I'm trying to see if its possible to extend an existing arbitrary regex by prepending or appending another regex to match within matches.

Take the following example:

The original regex is cat|car|bat so matching output is

cat
car
bat

I want to add to this regex and output only matches that start with 'ca',

cat
car

I specifically don't want to interpret a whole regex, which could be quite a long operation and then change its internal content to match produce the output as in:

^ca[tr]

or run the original regex and then the second one over the results. I'm taking the original regex as an argument in python but want to 'prefilter' the matches by adding the additional code.

This is probably a slight abuse of regex, but I'm still interested if it's possible. I have tried what I know of subgroups and the following examples but they're not giving me what I need.

Things I've tried:

^ca(cat|car|bat)
(?<=ca(cat|car|bat))
(?<=^ca(cat|car|bat))

It may not be possible but I'm interested in what any regex gurus think. I'm also interested if there is some way of doing this positionally if the length of the initial output is known.

A slightly more realistic example of the inital query might be [a-z]{4} but if I create (?<=^ca([a-z]{4})) it matches against 6 letter strings starting with ca, not 4 letter.

Thanks for any solutions and/or opinions on it.

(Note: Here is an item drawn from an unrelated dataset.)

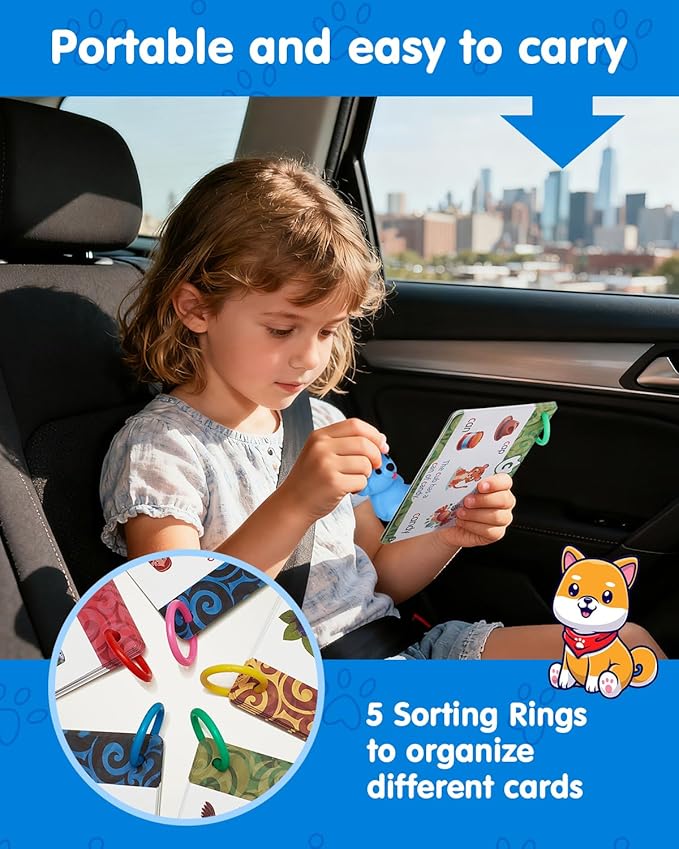 Phonics Talking Flash Cards with Reader Dog, Learn to Read with 148 Pages, 148 Sentences, 592 Words & 90 Stickers, Toddler Education Learning Toys for Kids Ages 3-8 Kindergarten 1st 2nd Grade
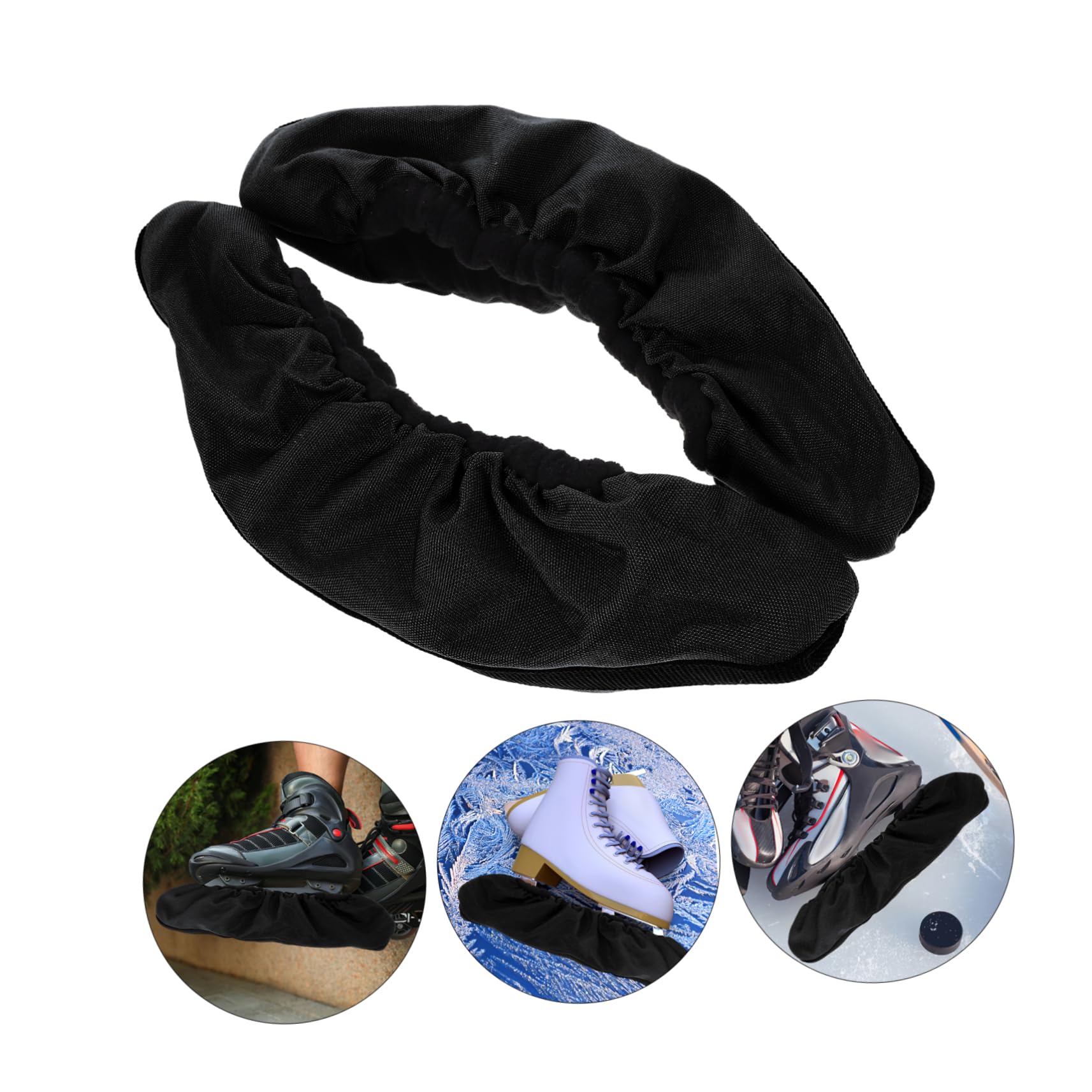 Cubiertas de Zapatos de Patinaje Protecciones Skate Protección elástica para Cuchillas Patines Protectores de Cuchillas de Patinaje Protector de Cuchillas de Patinaje Rojo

EDIT: See solution including @Nick's contribution below. The tool I was testing this with (exrex) seems to have a slight bug that, following the examples given, would create matches 6 characters long.

Halfcard
  • 33
  • 4

2 Answers2

1

You were not far off with what you tried, only you don't need a lookbehind, but rather a lookahead assertion, and a parenthesis was misplaced. The right thing is: Put the original pattern in parentheses, and prepend (?=ca):

(?=ca)(cat|car|bat)
(?=ca)([a-z]{4})

In the second example (without | alternative), the parentheses around the original pattern wouldn't be required.

Armali
  • 18,255
  • 14
  • 57
  • 171
  • 1
    Thanks. It looks like it's close to what I need but for example the second solution results in cabcdefg being a match but I'm only looking for results within strings that match [a-z]{4}, i.e. 4 characters long. – Halfcard Nov 22 '19 at 11:50
  • 2
    You need to add anchors (`^` and `$`) to the start and end of the regex https://regex101.com/r/ZFMu16/1 – Nick Nov 22 '19 at 12:05
  • 1
    Thanks Nick. looks like we got there at the same time but. I'll tag this as the correct answer. – Halfcard Nov 22 '19 at 12:06
1

Ok, thanks to @Armali I've come to the conclusion that (?=ca)(^[a-z]{4}$) works (see https://regexr.com/3f4vo). However, I'm trying this with the great exrex tool to attempt to produce matching strings, and it's producing matches that are 6 characters long rather than 4. This may be a limitation of exrex rather than the regex, which seems to work in other cases.

See @Nick's comment.

I've also raised an issue on the exrex GitHub for this.

Halfcard
  • 33
  • 4